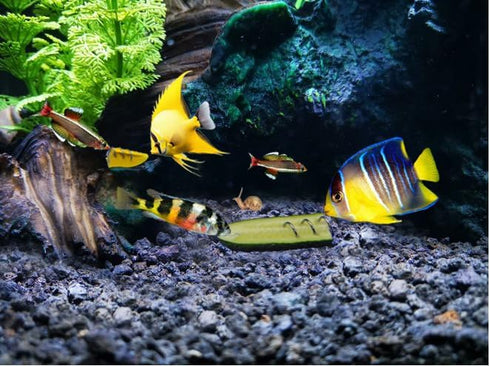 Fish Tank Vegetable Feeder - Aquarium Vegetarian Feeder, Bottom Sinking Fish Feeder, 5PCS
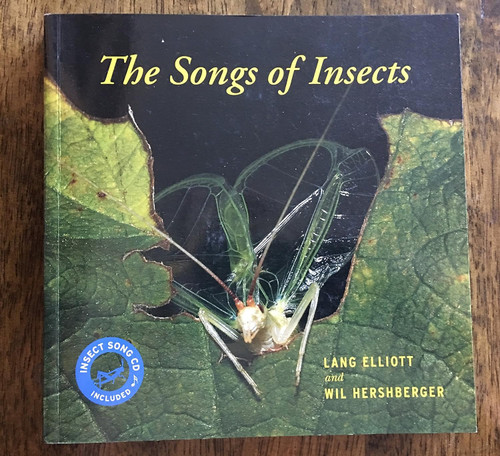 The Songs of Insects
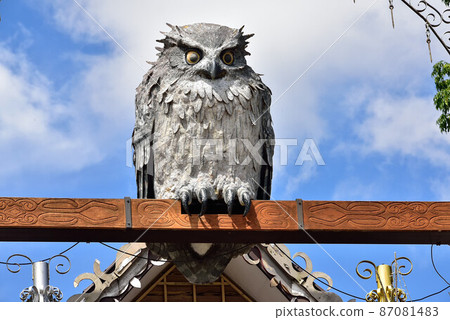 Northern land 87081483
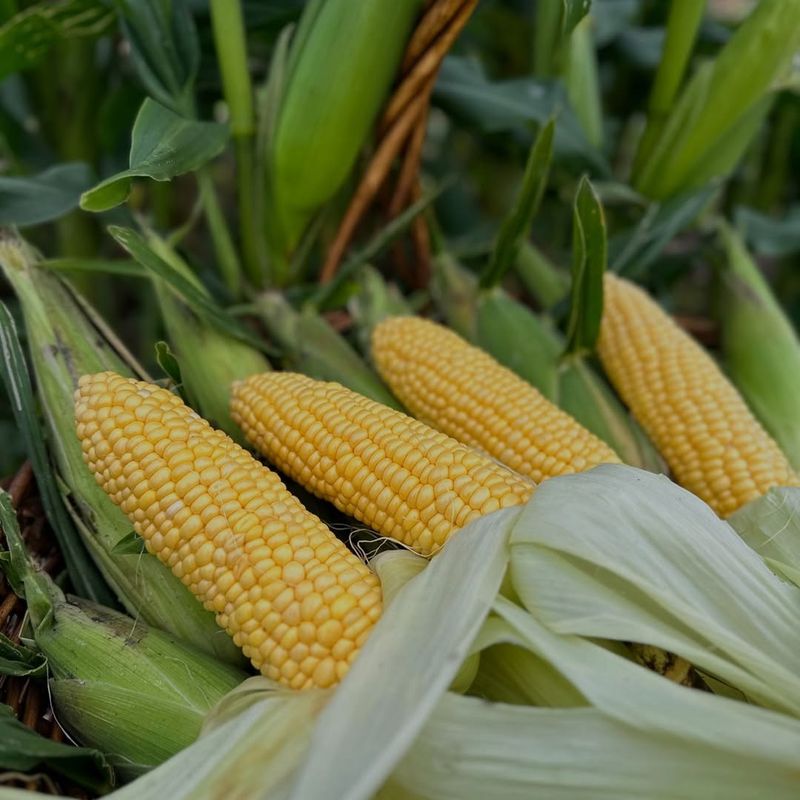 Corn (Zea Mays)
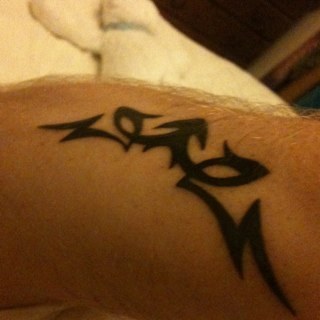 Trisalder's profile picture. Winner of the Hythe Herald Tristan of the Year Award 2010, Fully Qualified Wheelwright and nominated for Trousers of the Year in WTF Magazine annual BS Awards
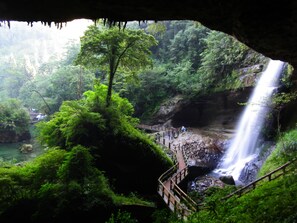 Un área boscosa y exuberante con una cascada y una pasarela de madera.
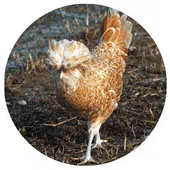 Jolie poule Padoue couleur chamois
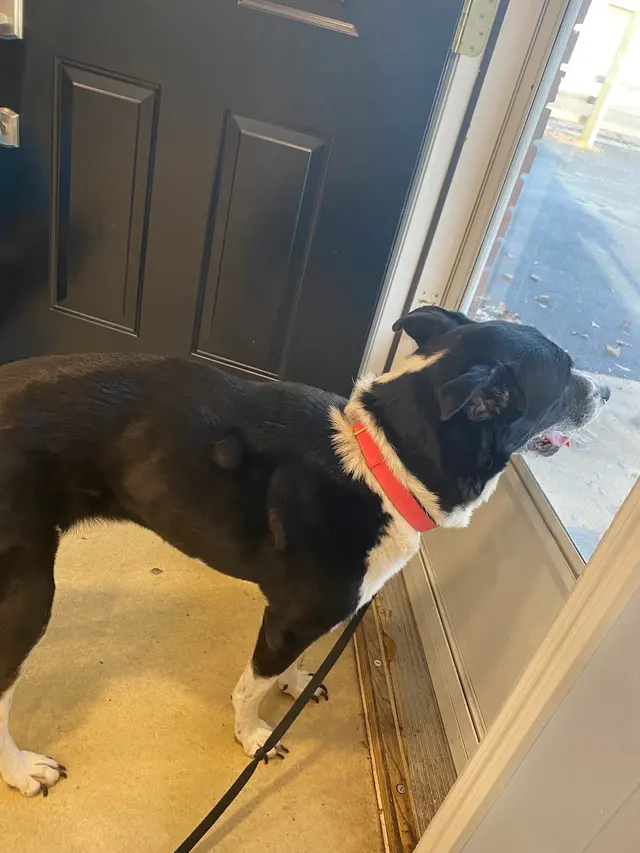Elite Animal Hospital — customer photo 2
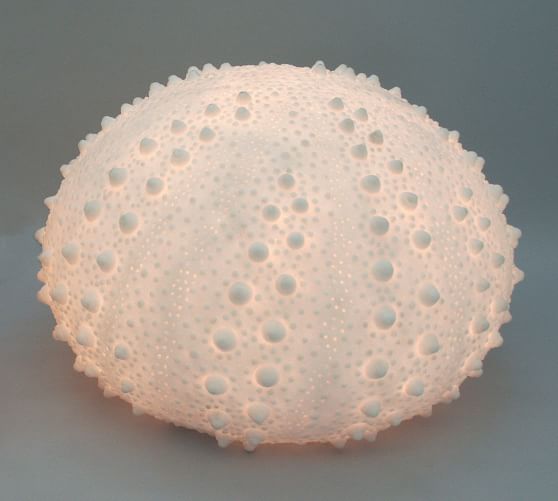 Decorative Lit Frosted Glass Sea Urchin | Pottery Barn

┄┄┄┄┄┄┄┄┄┄┄┄┄┄┄┄┄┄┄┄

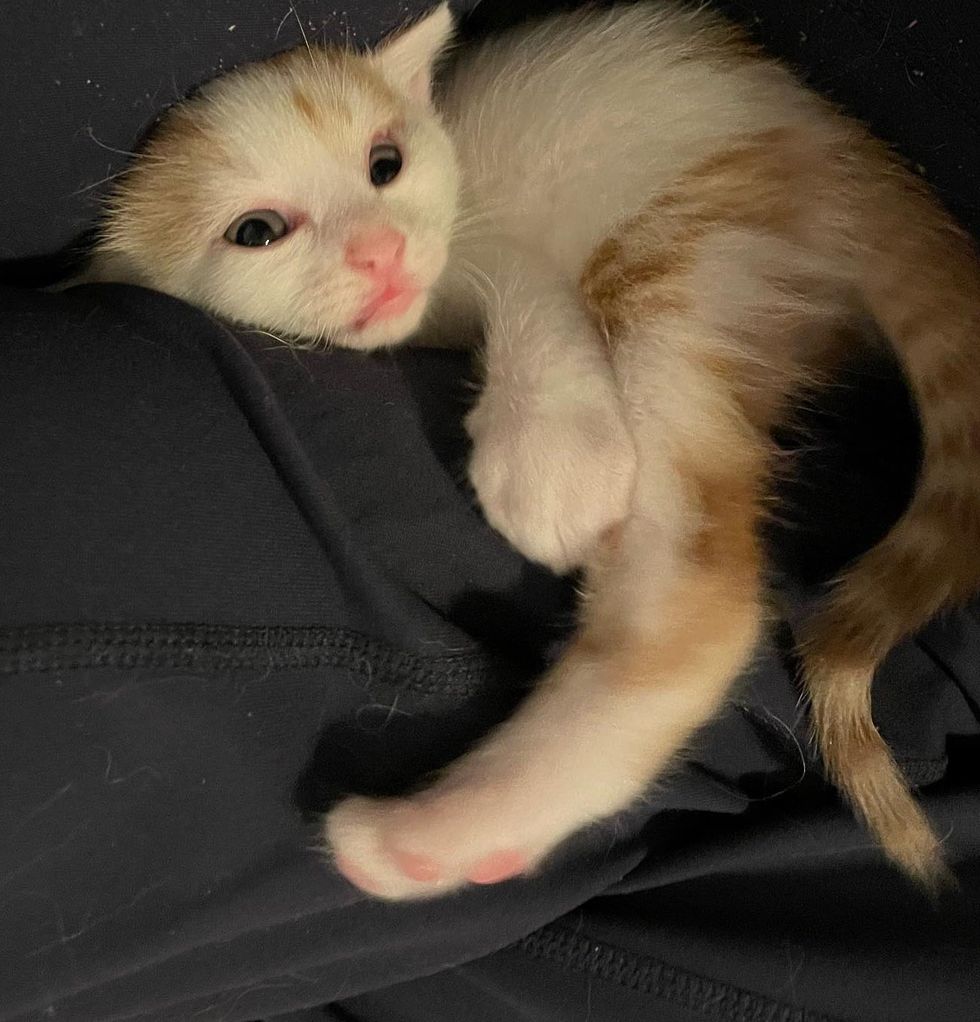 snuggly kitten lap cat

┄┄┄┄┄┄┄┄┄┄┄┄┄┄┄┄┄┄┄┄

● ABOUT THIS EXERCISE
Keep to the lines above from the line with "Trisalder's profile picture." to the line with "Decorative Lit Frosted", and set down exactly those, inclusive, with nothing else and every picture left out.

● RESULT
 Trisalder's profile picture. Winner of the Hythe Herald Tristan of the Year Award 2010, Fully Qualified Wheelwright and nominated for Trousers of the Year in WTF Magazine annual BS Awards
 Un área boscosa y exuberante con una cascada y una pasarela de madera.
 Jolie poule Padoue couleur chamois
Elite Animal Hospital — customer photo 2
 Decorative Lit Frosted Glass Sea Urchin | Pottery Barn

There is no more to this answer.